Oomycetes in the class Saprolegniomycetidae of the Eukaryotic kingdom Stramenopila have evolved as severe pathogens of amphibians, crustaceans, fish and insects, resulting in major losses in aquaculture and damage to aquatic ecosystems. We have sequenced the 63 Mb genome of the fresh water fish pathogen, Saprolegnia parasitica. Approximately 1/3 of the assembled genome exhibits loss of heterozygosity, indicating an efficient mechanism for revealing new variation. Comparison of S. parasitica with plant pathogenic oomycetes suggests that during evolution the host cellular environment has driven distinct patterns of gene expansion and loss in the genomes of plant and animal pathogens. S. parasitica possesses one of the largest repertoires of proteases (270) among eukaryotes that are deployed in waves at different points during infection as determined from RNA-Seq data.

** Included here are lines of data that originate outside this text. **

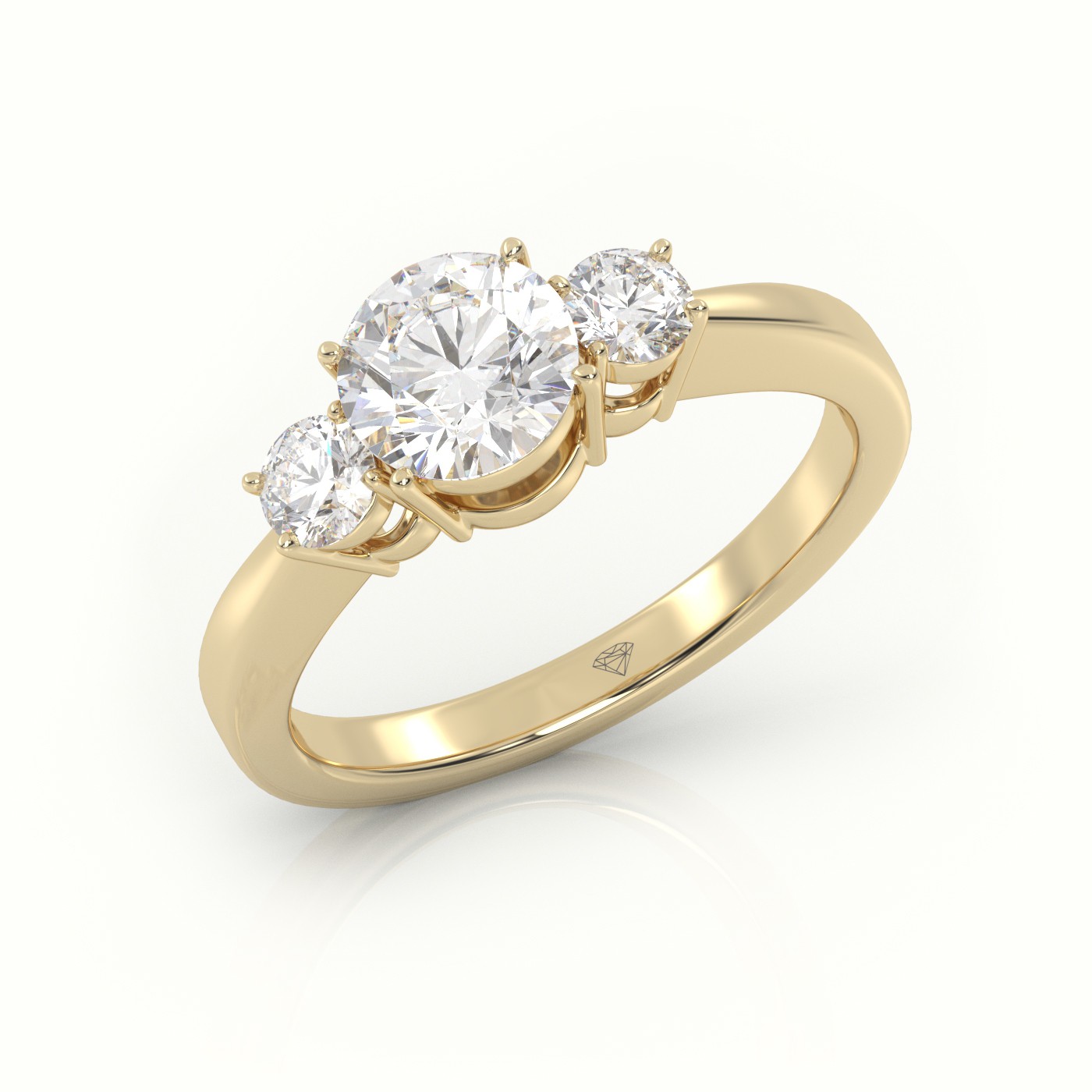 10K YELLOW GOLD ROUND CUT DIAMOND 4 PRONGS SIDE-STONE ENGAGEMENT RING
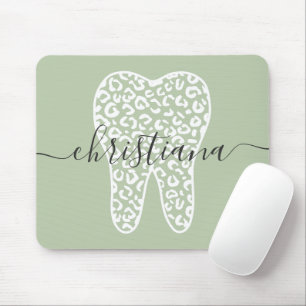 Tapis De Souris Nom personnalisé Dental Empreinte de léopard Tooth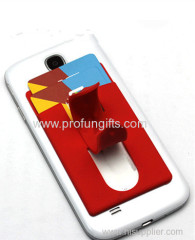 Promtional gift 3M sticker silicone mobile phone card pocket with stand holder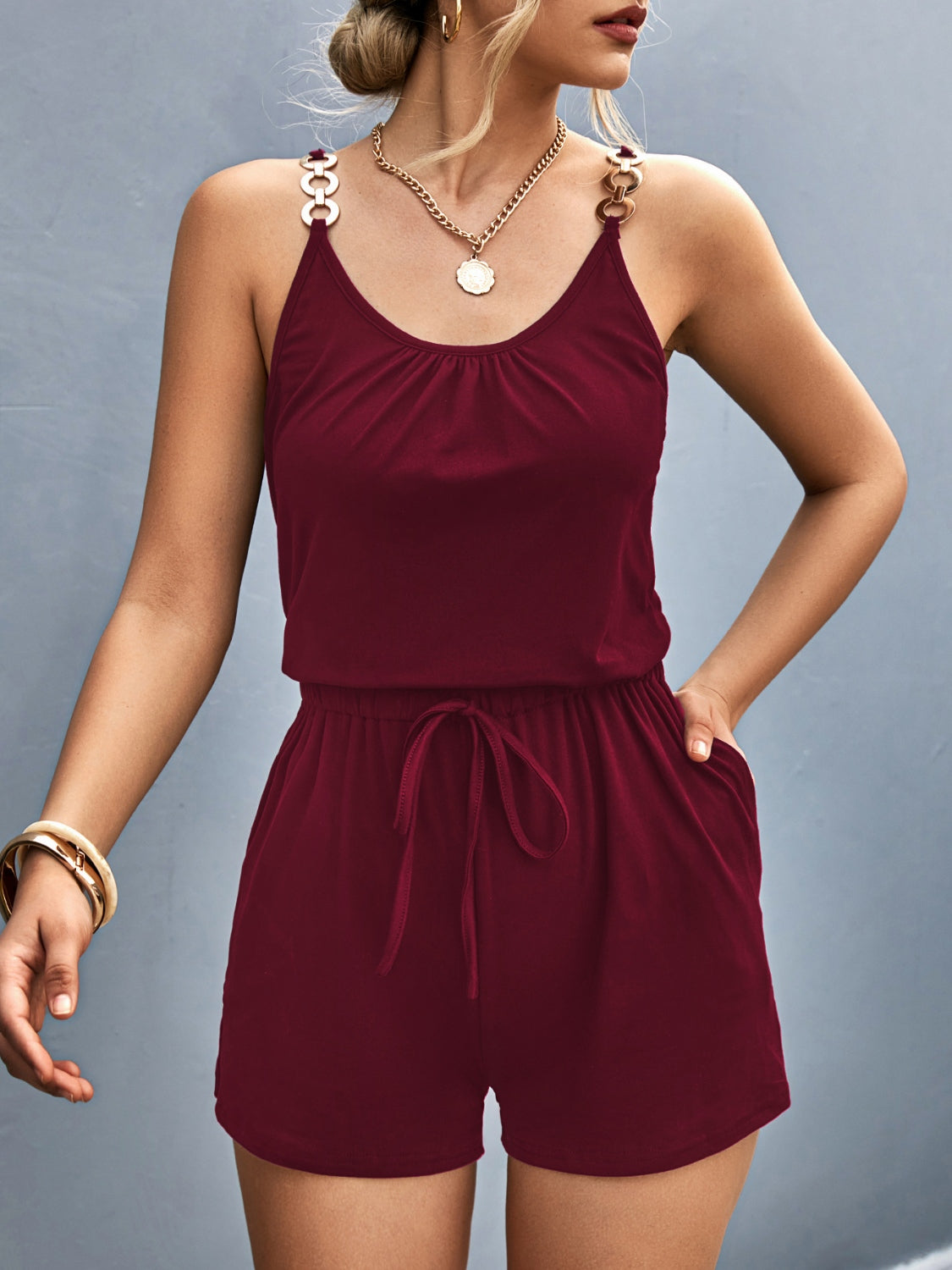 Scoop Neck Romper with Pockets - Comfortable Stretch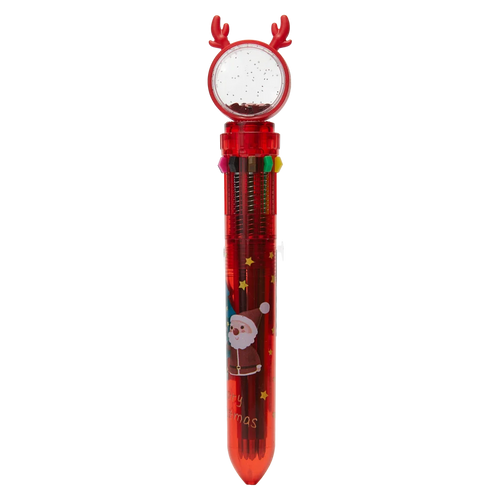 10-in-1 Kugelschreiber mit Glitzer-Print und Weihnachtsdesign (Mehrfarbig)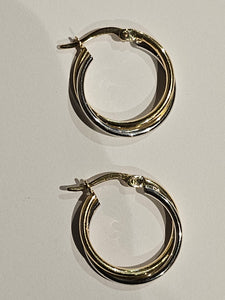 Hoop Earrings - 18mm - Two-tone Gold 10Kt - $394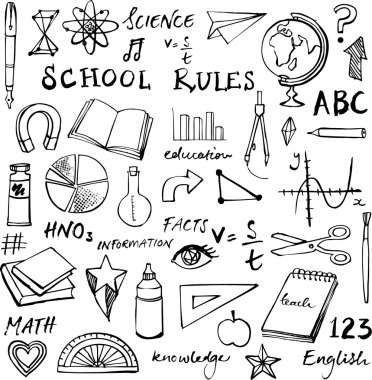 Okul simgeler doodle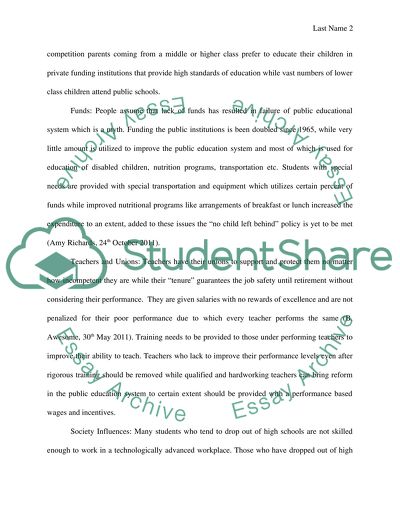 The State of American Public Education System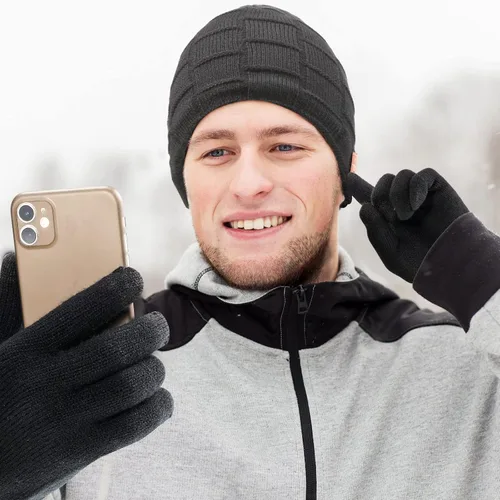 Vista 6 de Honoson El juego de gorros Bluetooth incluye 2 gorros inalámbricos con Bluetooth, guantes para pantalla táctil (negro, clásico)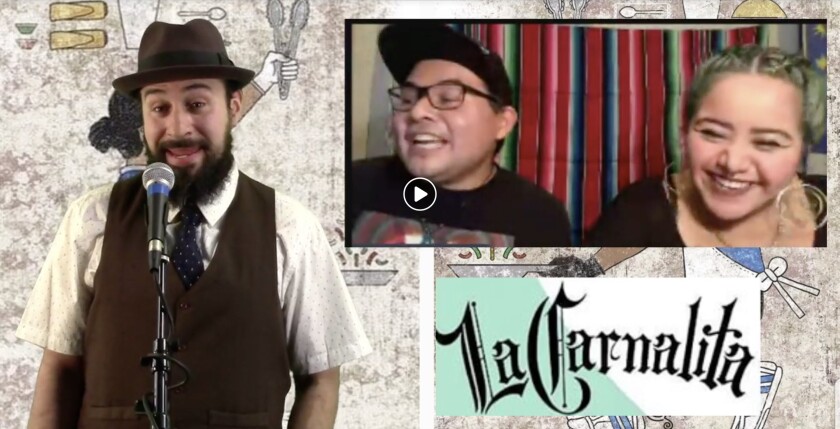Artists and activist Logan LU (left), Victor Arroyo and Brenda Hernandez announced winners of La Carnilta’s raffle on a Facebook live stream last week. The raffle raised $18,000 for undocumented immigrants and their families in Chicago.
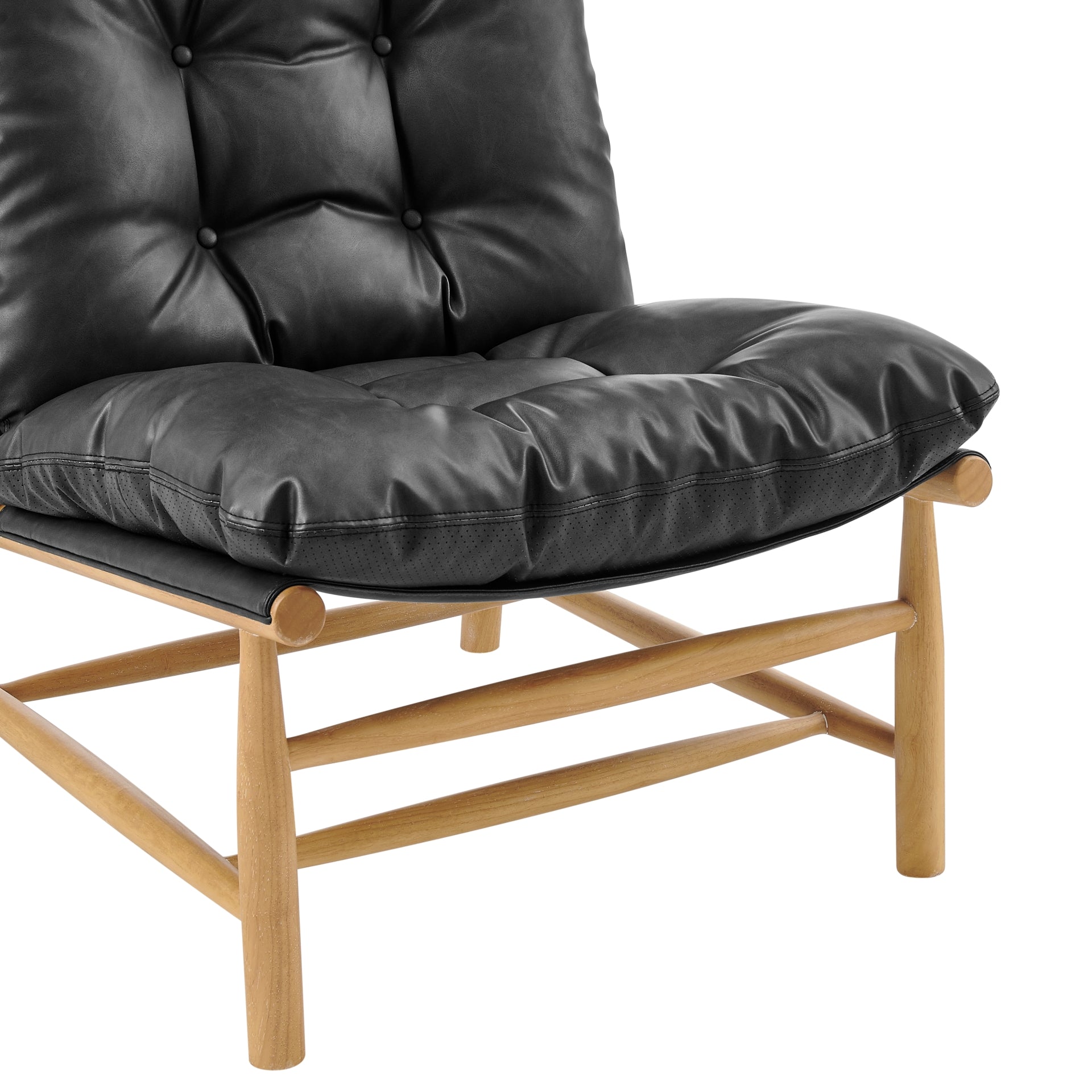 Oswald Faux Leather Tufted Accent Chair - What A Room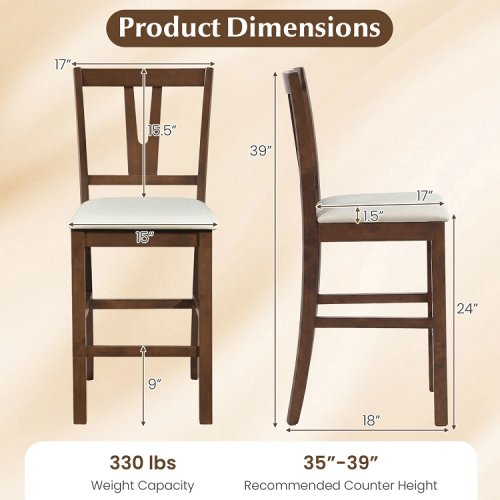 2pk costway counter height bar stools with contoured v-back - 18" x 39" x 17" - brown/beige (model: jv14337wn-2) image 2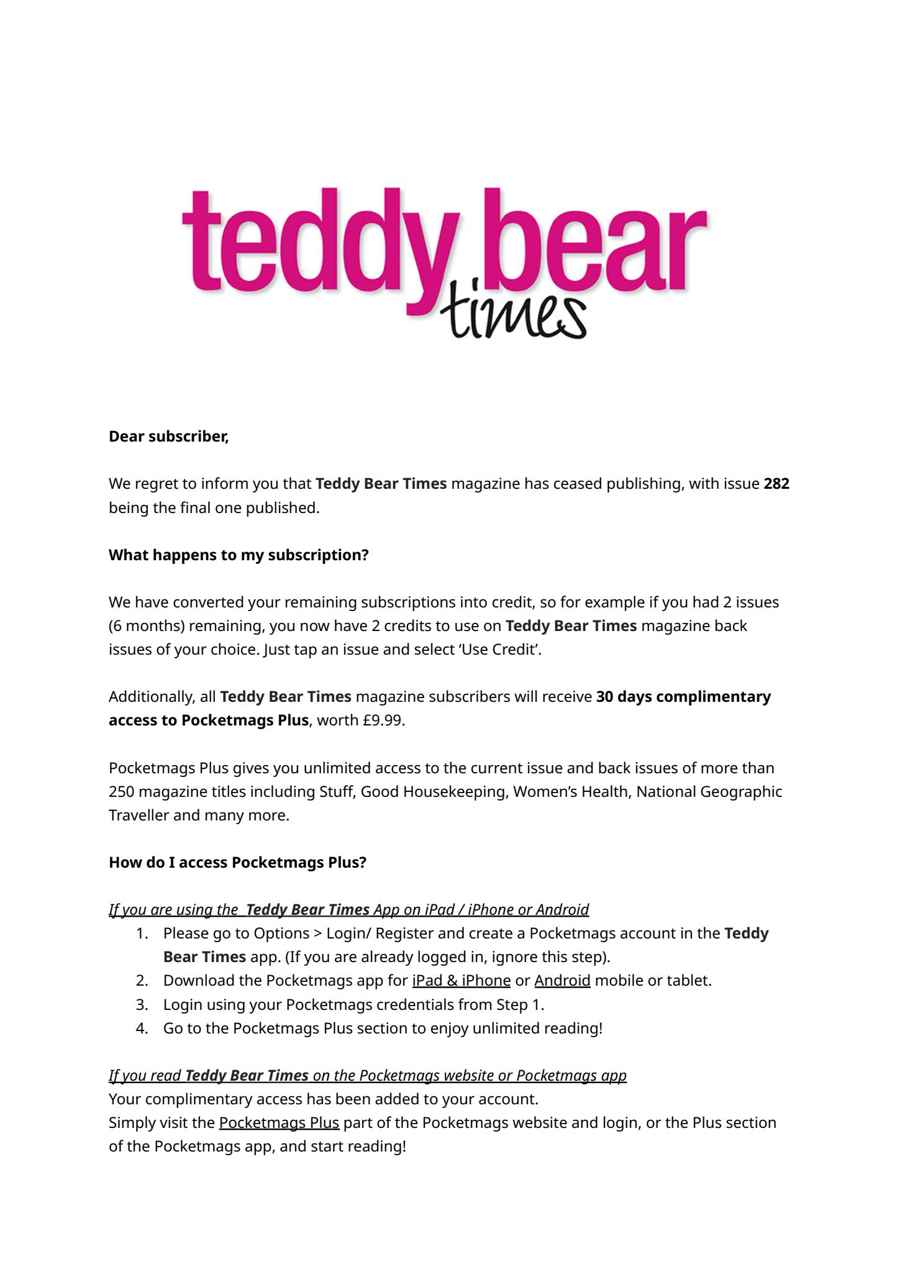 Teddy Bear Times issue Important Notice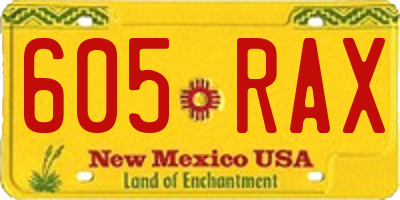 NM license plate 605RAX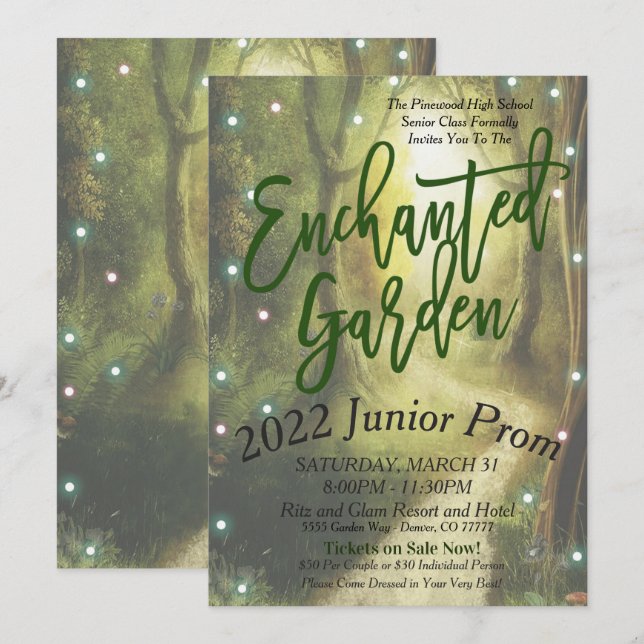 Enchanted Garden Prom Dance Invitation (Front/Back)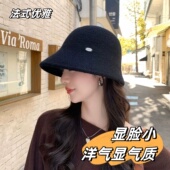羊毛呢渔夫帽女款 优雅显脸小礼帽 圆顶保暖盆帽法式 2026新款 冬季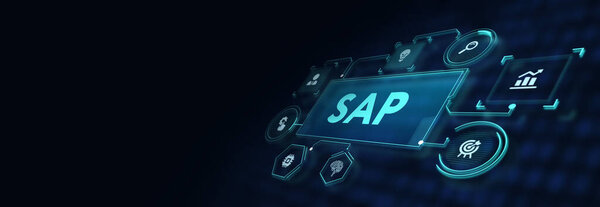 Концепция SAP System Software Automation на виртуальном экране центра обработки данных. Бизнес, современные технологии, Интернет и сетевая концепция. 3D иллюстрация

In contrast, despite being capable of living saprotrophically, parasitism has led to loss of inorganic nitrogen and sulfur assimilation pathways, strikingly similar to losses in obligate plant pathogenic oomycetes and fungi. The large gene families that are hallmarks of plant pathogenic oomycetes such as Phytophthora appear to be lacking in S. parasitica, including those encoding RXLR effectors, Crinkler's, and Necrosis Inducing-Like Proteins (NLP). S. parasitica also has a very large kinome of 543 kinases, 10% of which is induced upon infection. Moreover, S. parasitica encodes several genes typical of animals or animal-pathogens and lacking from other oomycetes, including disintegrins and galactose-binding lectins, whose expression and evolutionary origins implicate horizontal gene transfer in the evolution of animal pathogenesis in S. parasitica.